The 2080Ti is a 12nm card that has been around for two years with performance that's about to be considered around mid-range level in the Fall. AMD claims their RDNA2 architecture is 50% more efficient per watt than the first iteration that's in the 40CU 5700XT which beats a 2070, the XSX's GPU with 52 CUs being close to a stock 2080Ti, which again is going to be mid-range soon, isn't some far out claim.
The 5700 XT is neck-and-neck with a 2070... in games without ray tracing of any kind. We don't know how much of the new RDNA2 GPU's silicon is dedicated to ray tracing cores; if it's anything like what Nvidia did with Turing you're going to get closely equivalent ray tracing performance to a 2070 with maybe 10-15% higher rasterization performance (putting it in the realm of a regular 2080).

Remember, the whole reason Turing was such a small jump compared to Pascal was specifically because of ray tracing. If they had dedicated the entirety of Turing's architecture to rasterization performance they all would have easily been 30-50% more powerful than their equivalent Pascal cards. Ray tracing is heavy and the fact that it's present in the next-gen consoles means that AMD is dedicating a significant chunk of the new GPU's budget specifically towards that. You can't just assume it's an added freebie.
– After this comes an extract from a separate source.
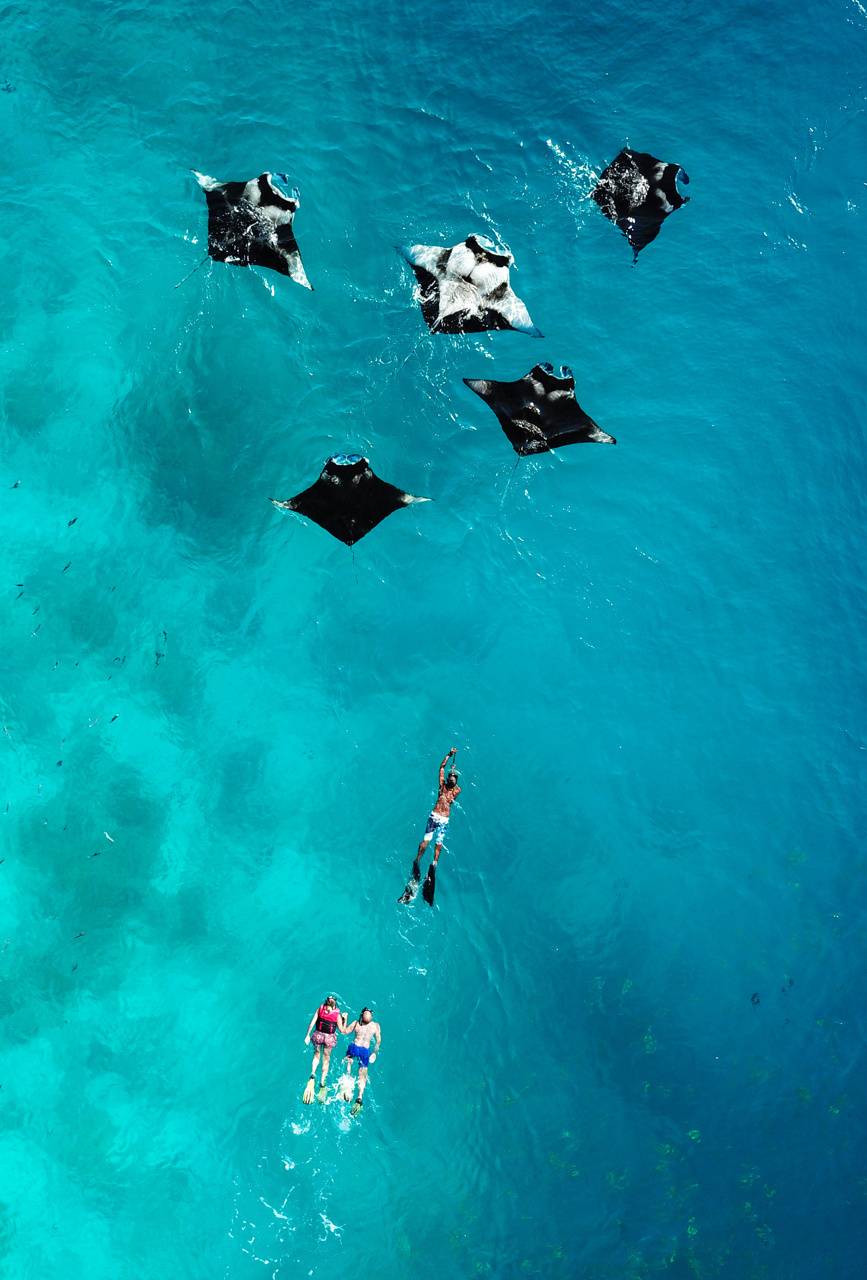 867x1280  Manta Ray Обои - Лучшие бесплатные фоны Manta Ray - WallpaperAccess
I'll be wildly impressed if AMD can put out something with power on-par with even the mid-range Ampere offerings. Given their track record, that would be a major leap. I'm not crossing my fingers.
 

Kalik

Banned
Nov 1, 2017
4,523
I haven't been following the specs as far as Ampere vs Big Navi but based on the rumors which GPU looks more impressive?...or will both cards have their individual strengths and weaknesses and there won't be 1 GPU that does everything well?...how does Big Navi's ray-tracing implementation look compared to Ampere?
 

ColdSun

Together, we are strangers
Administrator
Oct 25, 2017
3,290
I haven't been following the specs as far as Ampere vs Big Navi but based on the rumors which GPU looks more impressive?...or will both cards have their individual strengths and weaknesses and there won't be 1 GPU that does everything well?...how does Big Navi's ray-tracing implementation look compared to Ampere?
No one knows any of that tbh.
 

Isee

Avenger
Oct 25, 2017
6,235
Preparations for RTX 3000 completed, transition to a PCI gen. 4.0 board accomplished. I know, not necessary but also something I planned to do for NVMe anyway. Now let's hope that RTX 3080 - 3090 prices aren't complete bonkers.
 

MrKlaw

Member
Oct 25, 2017
33,038
20xx seemed to stall a little on classic rendering performance to fit in the Turing stuff, so wasn't as big a performance jump as you'd hope if you aren't using RT. Will 30xx bring back that 'normal' shading jump or are they pushing even more into RT considering how power hungry that is and this is the second gen so am opportunity to correct for any mismatch in balance between RT, Turing cores for Denoising/DLSS etc
 

Birbos

Alt Account
Banned
May 15, 2020
1,354
Preparations for RTX 3000 completed, transition to a PCI gen. 4.0 board accomplished. I know, not necessary but also something I planned to do for NVMe anyway. Now let's hope that RTX 3080 - 3090 prices aren't complete bonkers.
When does Intel get in the PCI 4.0 game? Scared to buy an AMD cpu.
 

Xx 720

Member
Nov 3, 2017
3,920
Dumb question but...of course you pay more for a better/ higher spec graphics card but, does it cost any more for the manufacturer? Does Nvidia have to spend more to make a 2080 than a 2070 or is it just priced higher for the performance?
 

MrKlaw

Member
Oct 25, 2017
33,038
3080 should definitely outperform the 2080ti by a decent chunk or Nvidia is shooting themselves in the foot.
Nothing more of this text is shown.